China's first class-action suit targets corporate fraud

The China Securities Investor Service Centre has sued Kangmei Pharmaceutical on behalf of more than 50 investors, accusing it of systematic cheating worth $4.6 billion from 2016 to 2018; regulators in Beijing say 'toxic tumours' in capital markets must be eradicated

China's first class-action suit targets corporate fraud
A Kangmei Pharmaceutical stand is seen at an expo in Guangzhou in December 2018. The company is now facing China's first class-action lawsuit with the China Securities Investor Service Centre launching a legal fight last week, in which it accused the company of corporate fraud. Photo: AFP.

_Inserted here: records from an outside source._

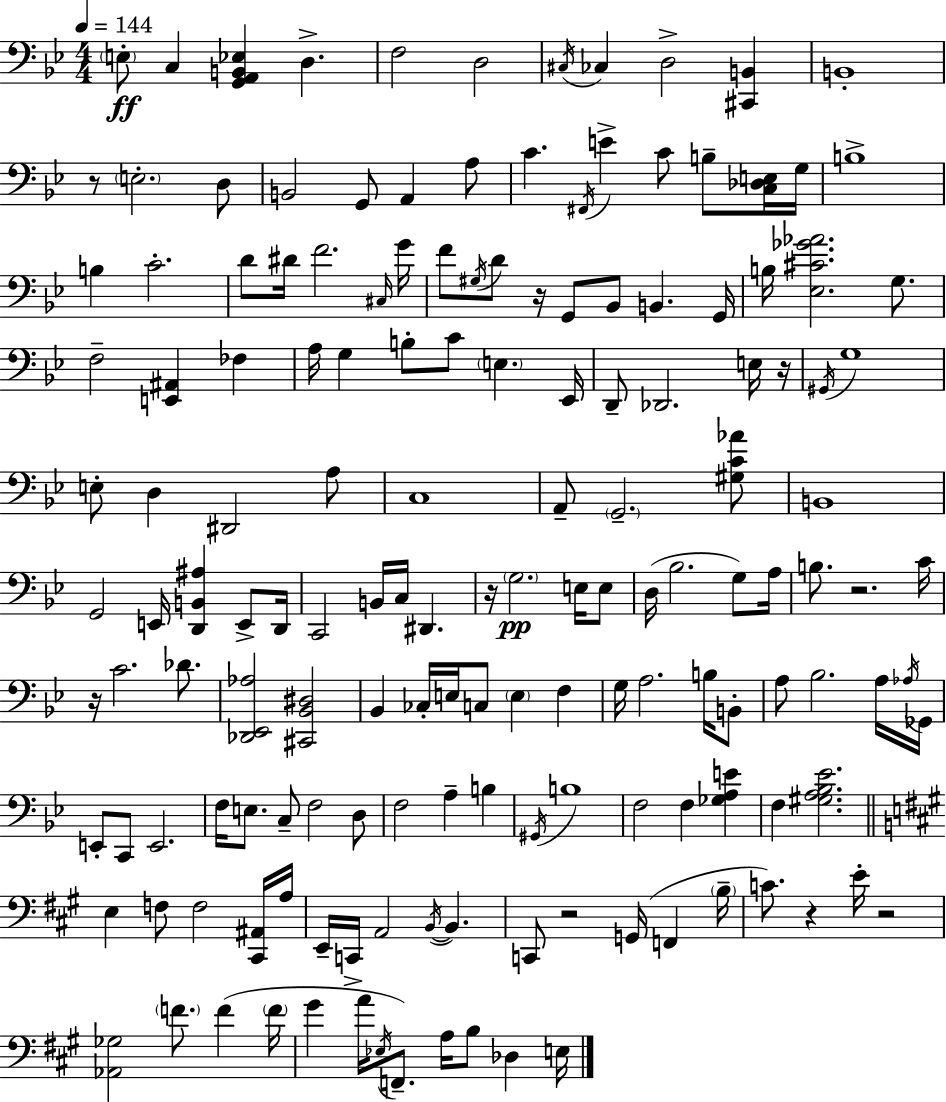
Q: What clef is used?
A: bass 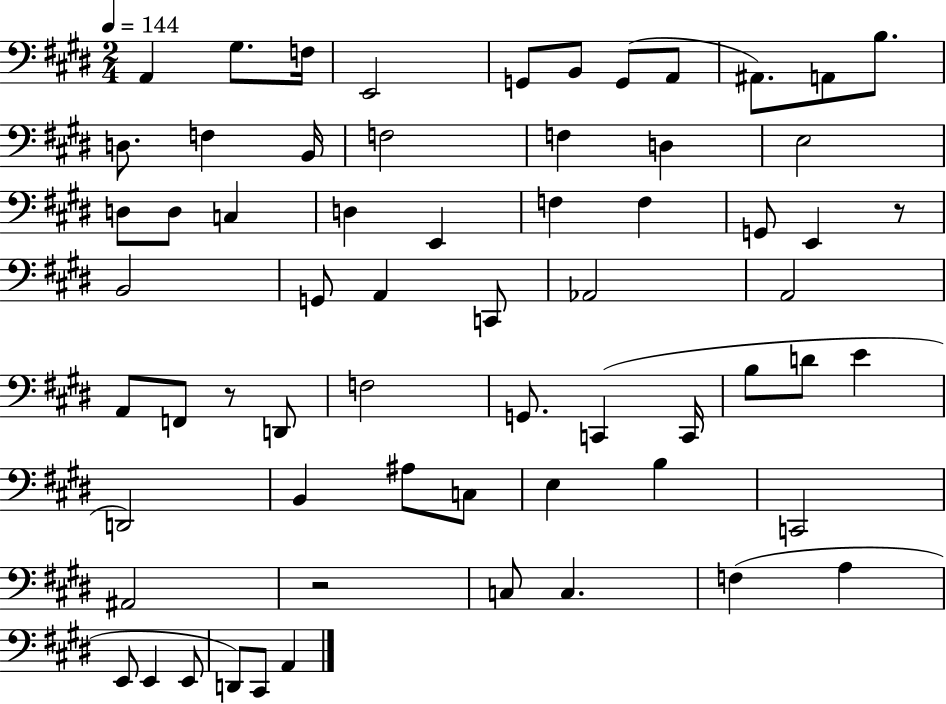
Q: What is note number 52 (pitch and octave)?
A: C3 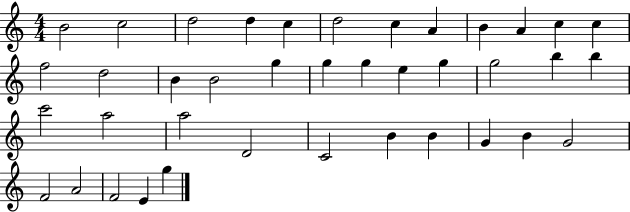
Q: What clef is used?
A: treble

(ATF) A court in Guangzhou in southern China has accepted the country’s first class-action lawsuit filed by a government- affiliated body against Kangmei Pharmaceutical Co over fraud allegations, as the country vows 'zero tolerance' against accounting fraud and other capital markets 'tumours'.

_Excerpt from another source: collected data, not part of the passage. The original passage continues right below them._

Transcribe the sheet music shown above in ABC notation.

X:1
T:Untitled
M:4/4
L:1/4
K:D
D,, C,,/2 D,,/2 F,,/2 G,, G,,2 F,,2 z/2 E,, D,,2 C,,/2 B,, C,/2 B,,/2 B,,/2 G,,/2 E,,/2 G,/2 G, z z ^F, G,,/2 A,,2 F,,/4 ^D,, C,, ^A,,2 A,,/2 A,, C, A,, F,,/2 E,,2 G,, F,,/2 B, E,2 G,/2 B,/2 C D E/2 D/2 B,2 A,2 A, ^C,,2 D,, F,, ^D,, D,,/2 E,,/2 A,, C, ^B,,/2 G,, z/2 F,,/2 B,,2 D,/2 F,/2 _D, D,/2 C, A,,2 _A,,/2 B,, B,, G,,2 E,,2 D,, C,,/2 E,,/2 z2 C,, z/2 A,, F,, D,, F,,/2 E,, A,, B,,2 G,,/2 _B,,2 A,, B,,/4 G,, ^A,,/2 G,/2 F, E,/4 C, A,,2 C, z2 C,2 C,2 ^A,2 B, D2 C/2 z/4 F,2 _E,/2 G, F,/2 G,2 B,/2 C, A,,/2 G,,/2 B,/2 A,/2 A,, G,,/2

The China Securities Investor Service Centre (CSISC) has sued Kangmei on behalf of more than 50 individual investors in a landmark case in China’s capital markets, the China Securities Regulatory Commission (CSRC) said.

Kangmei is alleged to have engaged in intentional and systematic financial cheating worth 30 billion yuan ($4.6 billion) between 2016 and 2018, according to the regulator, which said “toxic tumours” in capital markets must be eradicated swiftly, and relentlessly.

China introduced the class-action mechanism to capital markets last year as part of efforts to crack down on corporate malfeasance and bolster investor confidence.

Officials want its army of mom-and-pop investors to take corporate fraudsters to task with landmark class action suits, following a series of scandals and official vows to crack down on corporate fraud to deepen and improve capital markets in China, where 80% of trading is conducted by retail investors.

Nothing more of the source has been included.